« Mer… ci »
- Type de publication : Chapitre d’ouvrage
- Ouvrage : Œuvres complètes. Tome V. Microcosme
- Pages : 9 à 10
- Collection : Textes de la Renaissance, n° 189
- Série : Studiolo humaniste, n° 3
« Mer… ci »
À en croire Shakespeare, il est des rêves qui ne s’expliquent pas sauf à encourir des risques : « J’ai fait un rêve et aucun esprit humain ne saurait dire quel rêve c’était. Celui-là ne sera qu’un âne qui voudra l’expliquer » (Le songe d’une nuit d’été, sc. 5). Avec Microcosme, et à vouloir en expliquer le rêve, on ne peut se cacher que ce risque existe. Pour minimiser le risque, il aurait été possible de faire travailler une armée de spécialistes : de l’astronomie, de la musique, des mathématiques, de la géométrie, de la géographie, de la cartographie, de la théologie, de l’astrologie, de l’architecture, de l’alchimie, de la technique du verre… mais aurait-on encore reconnu le poème sous des gloses disparates venues d’horizons divers ? Il fallait bien qu’un lecteur affronte le tout pour qu’il reste un tout, avec la certitude de n’être pas savant en toutes choses… et au-delà ; dans la certitude d’avoir parfois mal compris, parfois pas du tout compris mais d’avoir hardiment essayé.
Pourtant je n’ai pas travaillé seule. J’ai pris la main des morts et les vivants m’ont donné la leur. L’édifice du commentaire était déjà largement construit par Larbaud, Schmidt, Saulnier, Staub et Giudici, je me suis appuyée sur eux. Au moment où ils restaient silencieux et où mes lacunes se faisaient trop nettes, d’autres lecteurs, plus compétents que moi, sont intervenus ; c’est une gratitude profonde que j’éprouve pour ceux qui ont accepté de lire les passages les plus ardus de Microcosme et de vérifier mes annotations : Marc Desmet pour la musique, Dominique Descotes pour les mathématiques, Frédérique Lemerlé pour l’architecture, Marthe Paquant pour le lexique, Tristan Vigliano pour quelques phrases latines et tous ceux – amis ou inconnus sur le net – que j’ai ennuyés d’une question sur le nom des enclumes, sur l’épisode de Caron, sur Lemaire de Belges… Aux conservateurs de bibliothèque qui ont vérifié et commenté des exemplaires pour moi, je dis en toute simplicité que leur aide n’a pas de prix : Silvio Corsini, conservateur de la réserve précieuse à la Bibliothèque de Lausanne, Barbara Mussetto à la Biblioteca
Casanatense à Rome, Isabelle de Conihout à la Bibliothèque Mazarine, Juliette Jestaz à l’École nationale des Beaux Arts de Paris et Marie-Françoise Bois-Delatte au fonds ancien de la Bibliothèque municipale et d’étude de Grenoble. Aux étudiants de Master à Lyon 2 qui, en 2011 et 2012, ont lu Microcosme avec moi et m’ont parfois fait voir ce que je ne voyais pas, va ma reconnaissance chaleureuse.

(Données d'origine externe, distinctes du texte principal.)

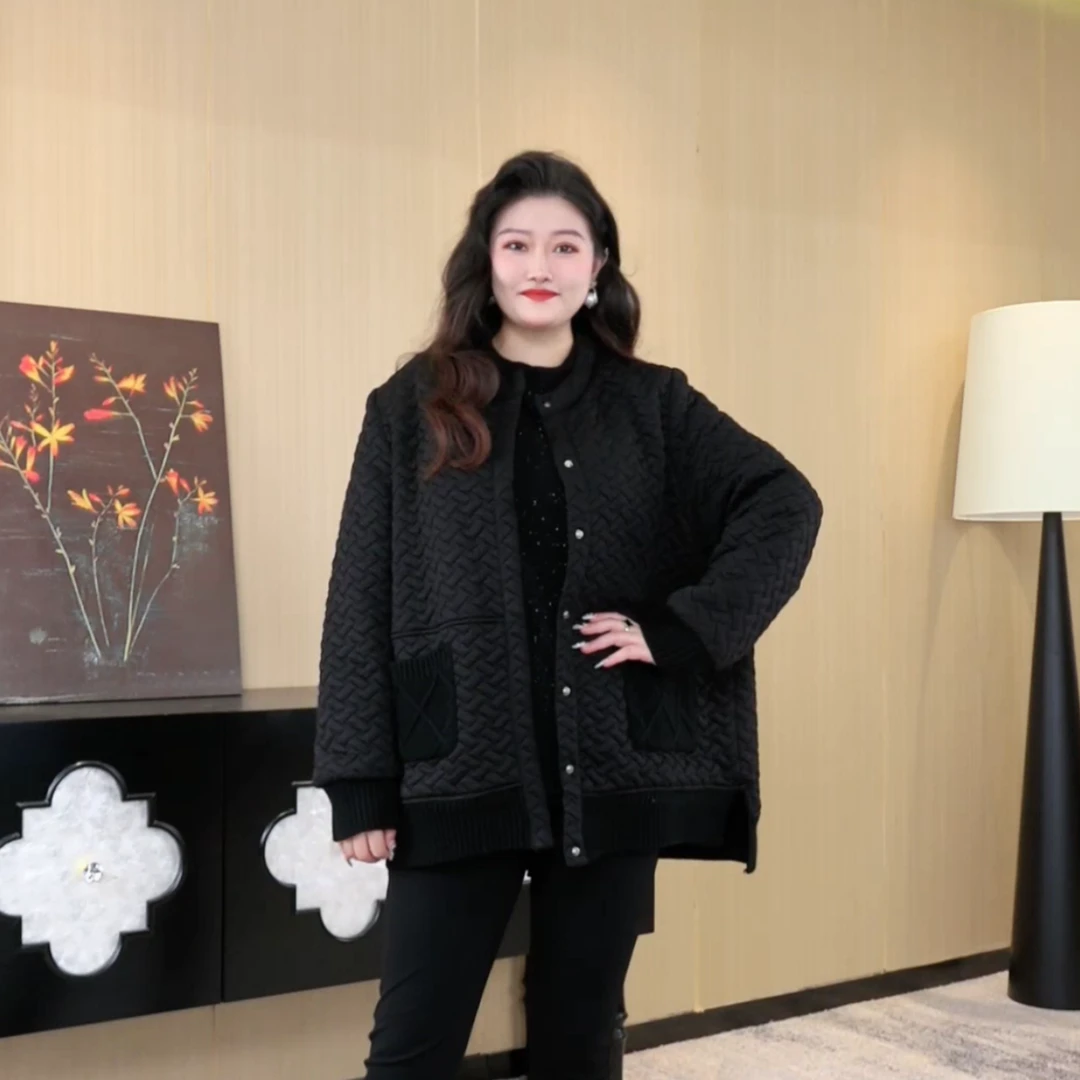 胖晶晶定制大码女装2025冬季新款保暖休闲显瘦百搭棉袄外套ZB5464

Idéalement, on devrait pouvoir lire Microcosme comme Jean de Tournes l’a donné, comme Valery Larbaud l’a souhaité : « nettement imprimé, encadré de marges bien blanches, en un volume propre, agréable à la vue et au toucher ». Les marges sont ici noircies : qu’elles soient pour le lecteur de bonne volonté, moyen de déployer l’écheveau serré de Microcosme et de faire résonner en contrepoint la netteté du vers de Maurice Scève.